Elle a la taille d’une joueuse de basketball et ne cache pas sa fierté d’avoir gagné le titre de vice-championne européenne à l’âge de 16 ans. Aujourd’hui, à 45 ans, Laura Codruta Kövesi est devenue l’héroïne préférée des Roumains. Mais ce n’est pas le basket qui a fait sa réputation. Elle est considérée par les Roumains championne de la lutte anticorruption. À la tête du Parquet national anticorruption (DNA) de Roumanie depuis 2013 cette femme à l’allure sportive a semé la panique dans la classe politique de son pays. « Le fait que des ministres et autres fonctionnaires publics ont fait l’objet de nos enquêtes et qu’ils ont été condamnés montre bien qu’en Roumanie nous sommes tous égaux devant la loi, peu importe la position sociale ou la richesse qu’on a accumulé », affirme-t-elle.
Mais la campagne anticorruption a subi un coup dur en Roumanie. Le 9 juillet le président de droite Klaus Iohannis a limogé la procureure en chef du DNA suite à un bras de fer avec la majorité parlementaire de gauche. Cette destitution fait suite à un arrêt de la Cour constitutionnelle rendu public le 31 mai. La haute instance juridique avait validé la décision du ministre de la Justice, Tudorel Toader, de destituer Mme Kovesi de la direction du DNA. Elle a été accusée d’abus de pouvoir et d’avoir nui à l’image de la Roumanie à l’étranger. Le chef de l’Etat a tenté de repousser l’arrêt de la Cour mais il a été menacé, lui aussi, d’être destitué de son poste par la majorité parlementaire. Lundi 9 juillet, le jour où sa destitution devait être annoncée publiquement, M. Iohannis a cédé face à l’arrêt de la Cour constitutionnelle et limogé la cerbère de la justice.

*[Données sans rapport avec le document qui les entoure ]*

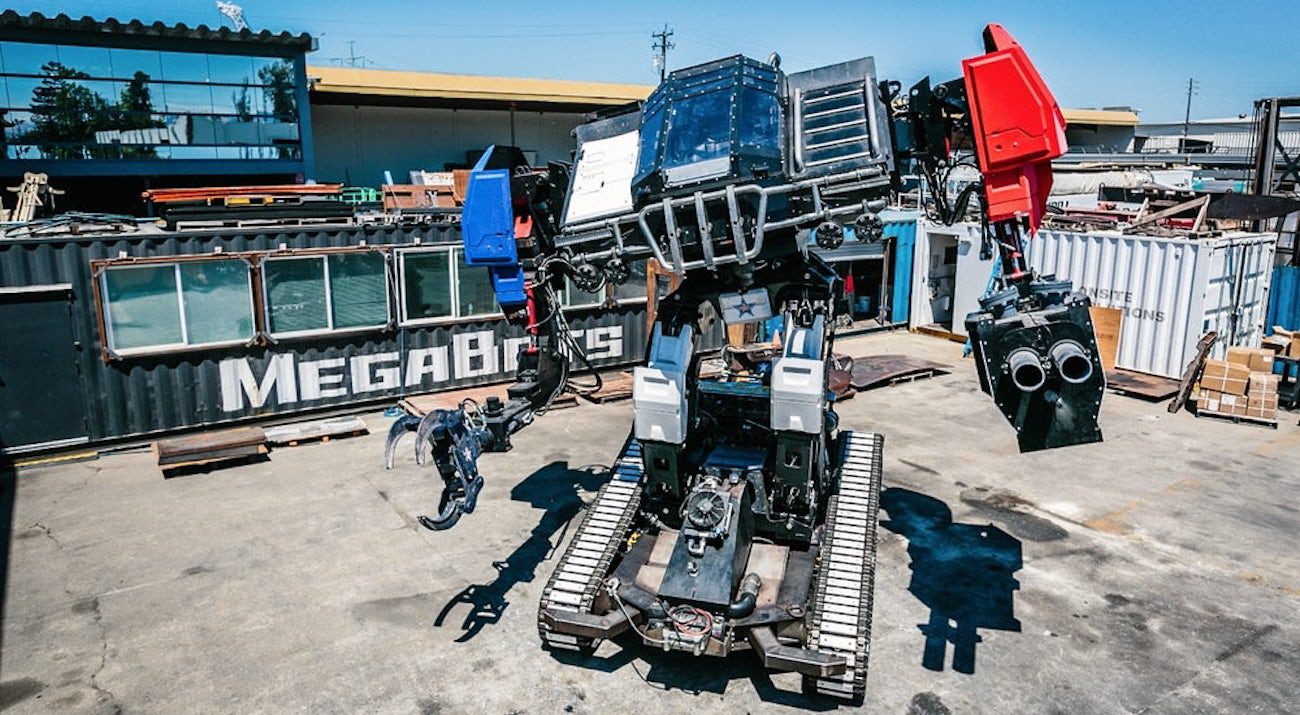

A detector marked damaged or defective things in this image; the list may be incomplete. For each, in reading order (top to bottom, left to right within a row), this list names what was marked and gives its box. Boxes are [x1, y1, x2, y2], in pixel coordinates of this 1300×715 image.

rusted container door [0, 287, 88, 452]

La Roumanie et la Bulgarie n’avaient pas pu adhérer à l’Union européenne (UE) en 2004 avec les dix autres pays de l’Europe centrale et orientale en raison de la corruption qui gangrénait les deux pays. En 2006, à l’âge de 33 ans, la jeune Laura Codruta Kovesi était nommée procureur de la République. Sa mission : démanteler les réseaux corrompus qui dévalisaient l’économie roumaine et paralysaient la classe politique. « Ma génération voulait changer les choses, explique la cheffe du DNA. La bataille la plus dure n’a pas concerné le changement des lois et des procédures, mais le changement des mentalités. »

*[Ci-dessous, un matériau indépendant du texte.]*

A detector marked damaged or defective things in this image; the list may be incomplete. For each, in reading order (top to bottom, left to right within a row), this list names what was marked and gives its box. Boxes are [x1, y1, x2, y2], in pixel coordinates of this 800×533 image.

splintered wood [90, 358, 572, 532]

Aujourd’hui le décompte est impressionnant. Des milliers d’hommes politiques et hauts fonctionnaires – ministres, députés, sénateurs, maires, secrétaires d’Etat – se retrouvent désormais derrière les barreaux. Rien qu’en 2017 les procureurs anticorruption ont renvoyé devant les tribunaux un millier de personnes dont trois ministres, cinq députés et un sénateur. La tension entre les procureurs anticorruption et une partie de la classe politique est montée d’un cran en 2016 depuis la victoire aux élections législatives du Parti social-démocrate (PSD). Le 20 juin le chef de file de la gauche et président de la Chambre des députés, Liviu Dragnea, a été condamné à trois ans et demi de prison ferme pour abus de pouvoir. Il avait déjà été condamné en avril 2016 à deux ans de prison avec sursis pour fraude électorale. « Ce sont des condamnations politiques », déclare-t-il chaque fois qu’on lui rappelle les faits.

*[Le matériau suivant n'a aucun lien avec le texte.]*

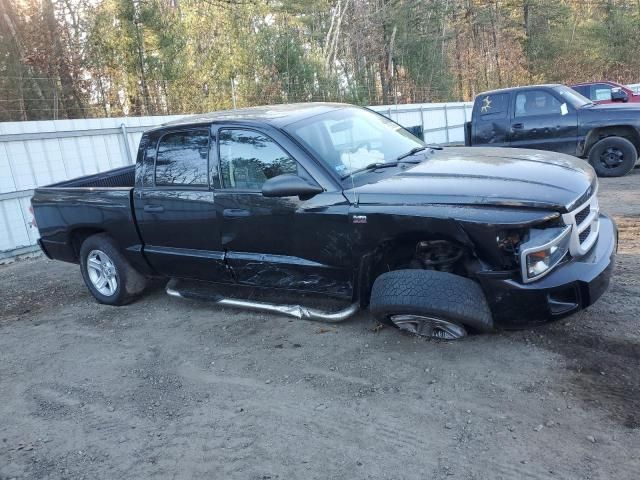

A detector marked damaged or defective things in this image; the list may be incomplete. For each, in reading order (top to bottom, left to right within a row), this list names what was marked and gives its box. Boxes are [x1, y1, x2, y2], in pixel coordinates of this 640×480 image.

Depuis 2017 le PSD dirigé par Liviu Dragnea a essayé à plusieurs reprises de modifier les lois concernant la justice afin de blanchir son casier judiciaire, mais il s’est heurté à une vague de manifestations antigouvernementales. Lundi 18 juin les sociaux-démocrates ont modifié le code pénal afin de tenter une fois de plus de sauver leur chef. « Des hommes politiques sont en train d’opérer brutalement des changements de la loi pénale, a déclaré Mme Kovesi dans son dernier discours tenu aussitôt après avoir été limogée par le président. Ils veulent protéger leur passé, leur présent et leur futur. Nous défendons la société d’infracteurs dangereux. La volonté politique actuelle ne défend pas une justice indépendante mais essaie de bloquer nos enquêtes. »
La Commission européenne et l’ambassade américaine à Bucarest se sont aussitôt solidarisées avec les procureurs et appellent les autorités roumaines à respecter l’indépendance de la justice. « La lutte anticorruption et l’indépendance de la justice sont les fondements du mécanisme de coopération et de vérification (MCV), peut-on lire dans le communiqué de la Commission. La capacité du DNA d’avoir des résultats record dans la lutte anticorruption a été clairement soulignée dans les rapports MCV. Si ces résultats sont mis à l’épreuve la Commission pourrait réviser ses conclusions. »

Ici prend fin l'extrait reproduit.